Continuing the conversation that started at AmbivaBlog ...

13 thoughts on ““In this world, there is no place . . .”

  1. The opportunity for virtually uncontrolled freedom of thought and expression is still possible through blogs. If they weren’t powerful tools, prominent countries would’t give a fig about controlling internet access.

  2. I’ve always been a late bloomer:0).

    Also, because of this blog- i know people all over the country.
    And i love them.. you.

    Like- Ron?
    I have been contemplating your email to me all week and i have no good answer, no words for reply that can convey how helpless i feel in not being able to help you out. I guess i just have to keep cheering you on from the sidelines and whispering prayers for your continued strength of character to shine through.

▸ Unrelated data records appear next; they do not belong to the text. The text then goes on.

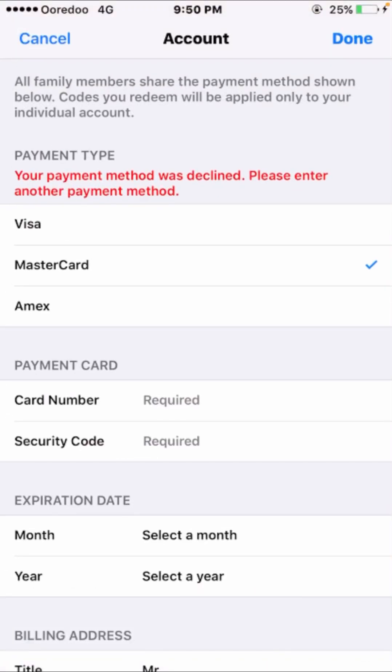Hello guys, welcome back to my YouTube channel and welcome back to my new video. This video is very informative and interesting. In this video I am going to show you how to fix 'your payment method was declined, please enter another payment method' on the App Store.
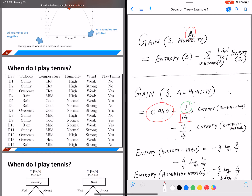So the first term is (7/14) times entropy(humidity = high). Since we have 14 total instances and 7 have humidity equal to high, the remaining 7 have humidity equal to normal. The second term is minus (7/14) times entropy(humidity = normal). This is the first step in calculating information gain for the attribute humidity.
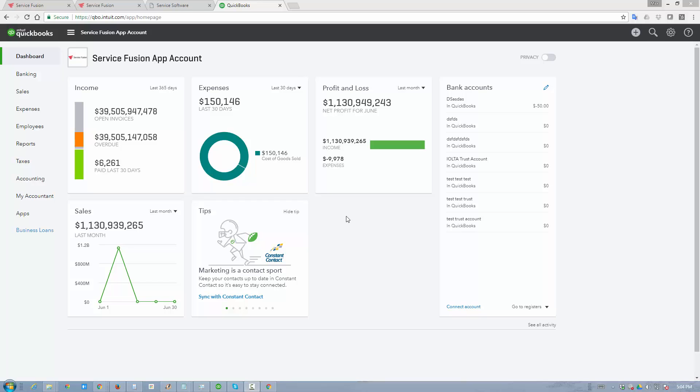Hello and welcome to the Service Fusion QuickBooks Online informational video. In this video, we'll cover the online edition, but Service Fusion was designed to work with both QuickBooks desktop and online.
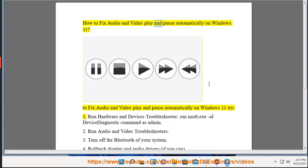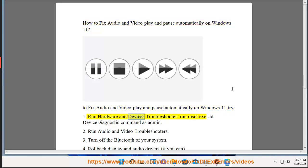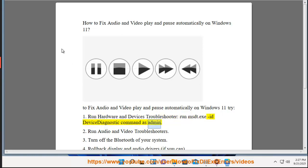How to fix audio and video play and pause automatically on Windows 11. To fix audio and video play and pause automatically on Windows 11, try: 1. Run hardware and devices troubleshooter - run msdt.exe ID device diagnostic command as admin.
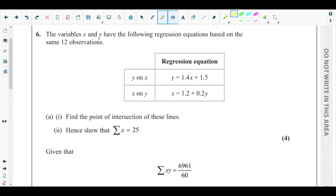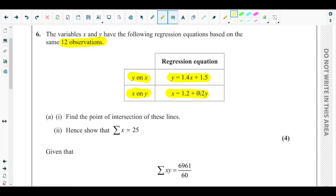The variables x and y have the following regression equations based on the same 12 observations. The regression equation for y on x is y = 1.4x + 1.5, and the regression equation for x on y is x = 1.2 + 0.2y. From chapter 5, the regression line for x on y is different from the regression line of y on x — it's not like solving simultaneous equations in pure maths; it's statistically different.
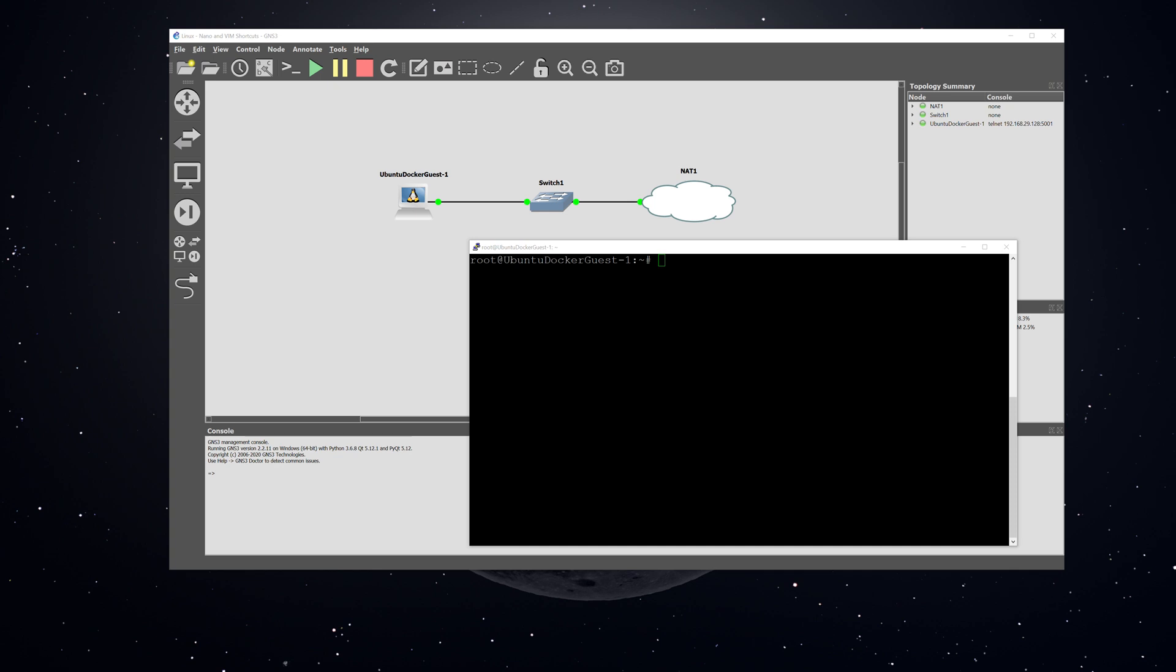Now our Linux server has come back up, we have an IP address, and now we are going to start using the nano text editor. The first thing I'm going to do is just create a test file called test by using the command nano test.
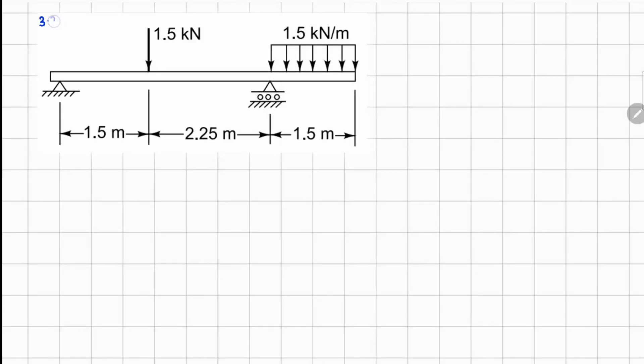This one is 3.23H. Here we have a simply supported beam with UDL and point load, and we need to draw the shear force and bending moment diagram using singularity functions.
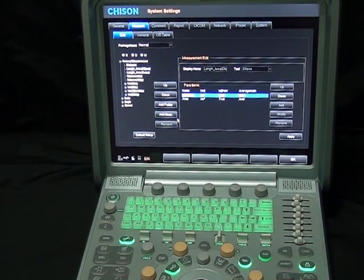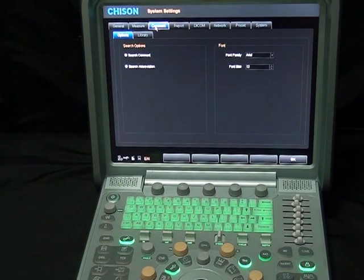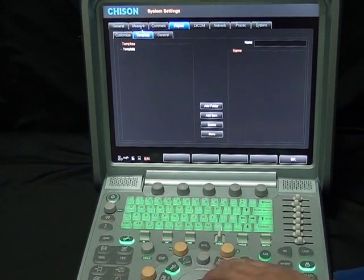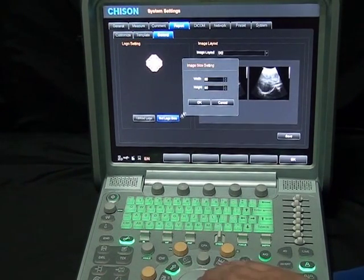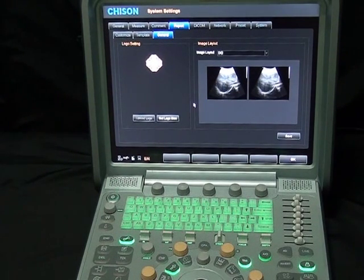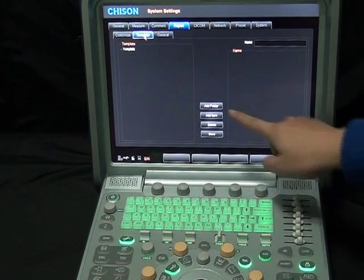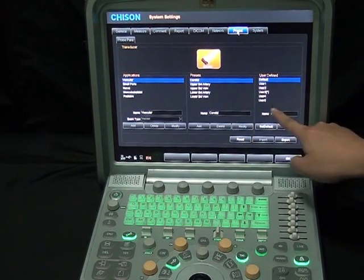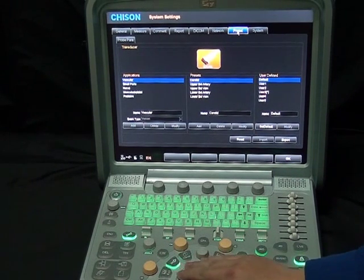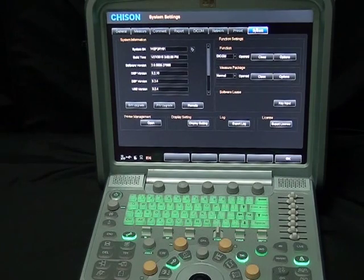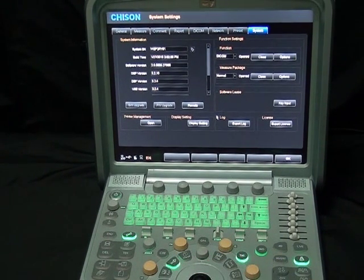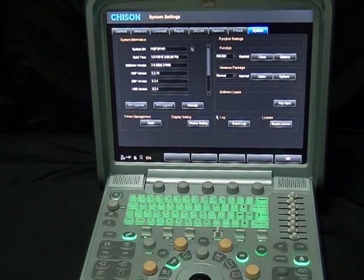In the comment interface, you can add or delete comments for each preset, as well as set the font and font size, making your comments look specialized. In the report setting interface, you can set the hospital logo and layout to make your report more personalized. A report diagnosis template is also available, which is very convenient for doctors' daily work. Unlimited user-defined presets are available in the preset interface. The system interface is used for unit maintenance, system upgrade, license control, and system lock. Upgrading is easy: download the latest software to a USB, connect to the system, it is recognized automatically, press one key, and the upgrade is complete.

  3. The blog archipelago. Many people still have and build them. Facebook is totalitarian, and so is Twitter to a lesser than 140 character extent.

  4. Amba, how do you know all the things you know?
    Wow.

    And not simply the place, but the concept and connection… connception?

  5. Call it Lindisfarne.

    This is why I like blogs. Books will continue to hold a special place in my heart, but they don’t provide the quick link to something unexpected and more that is possible in a blog. I knew nothing of Lindisfarne when I made my pilgrimage over to Ambiance this morning, and tonight I return with a picture, a poem, and a new awareness of a place and a “connception”! .

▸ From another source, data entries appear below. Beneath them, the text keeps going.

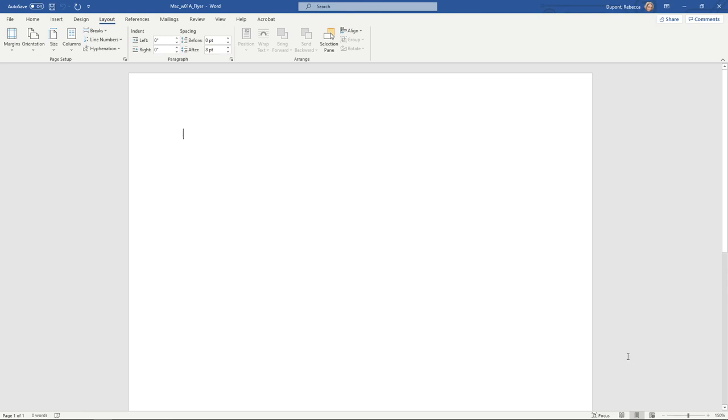And those are pretty much your starting points for starting out with Microsoft Office.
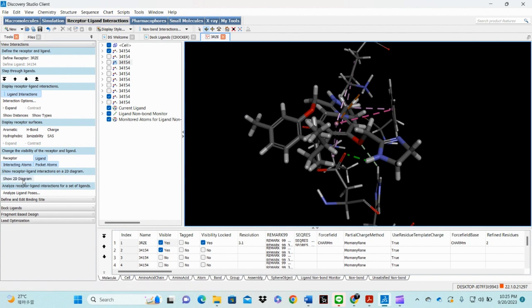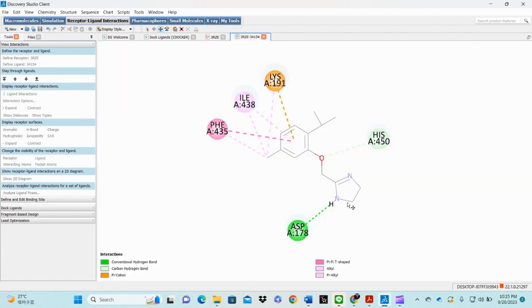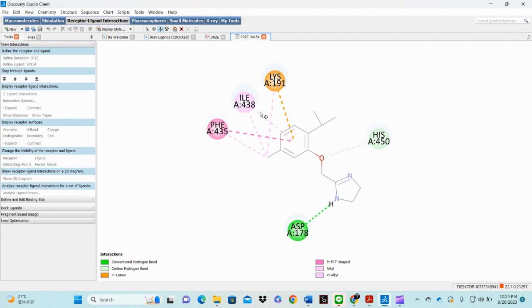Under Ligand Interactions, you can check its 2D view. Here, this is our ligand molecule, and these are the interactive residues present within the active site of the receptor which show interaction with the ligand molecule. The green color shows conventional hydrogen bonds, the light green shows carbon hydrogen bonds, and the others are hydrophobic interactions — pi-pi interactions and alkyl interactions.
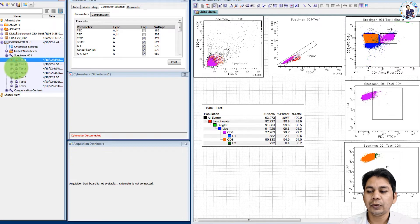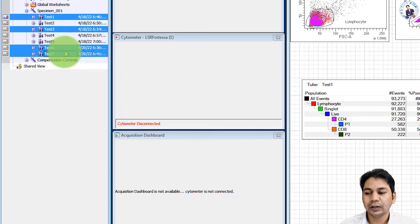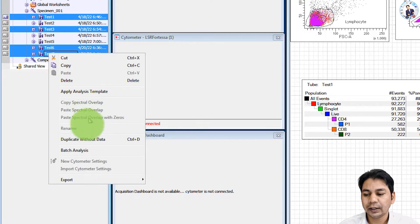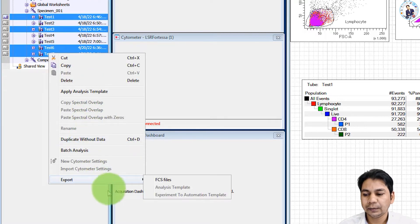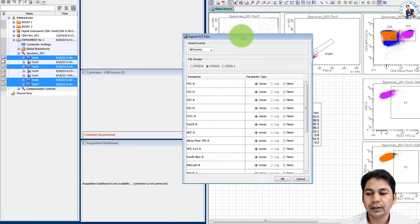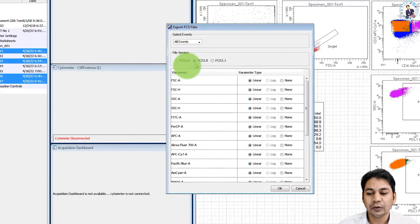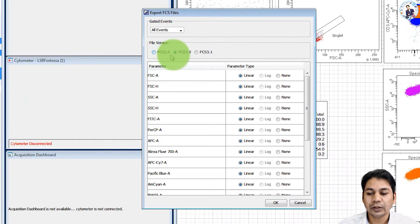To export, you can select the file that you want to export and right click, and here you can see the export FCS file option with version 2.0, 3.0, and 3.1.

    A causeway connects the island to the mainland of Northumberland and is flooded twice a day by tides – something well described by Sir Walter Scott:

    For with the flow and ebb, its style
    Varies from continent to isle;
    Dry shod o’er sands, twice every day,
    The pilgrims to the shrine find way;
    Twice every day the waves efface
    Of staves and sandalled feet the trace.

  6. I thought of Lindisfarne the English Folk band from the 60s and 70s. Now I see that she meant an offshore island complete with a low tide causeway which is cool. I knew of two others: Mont St. Michel (Fr) and St. Michael’s Mount off Cornwall. How many others are there?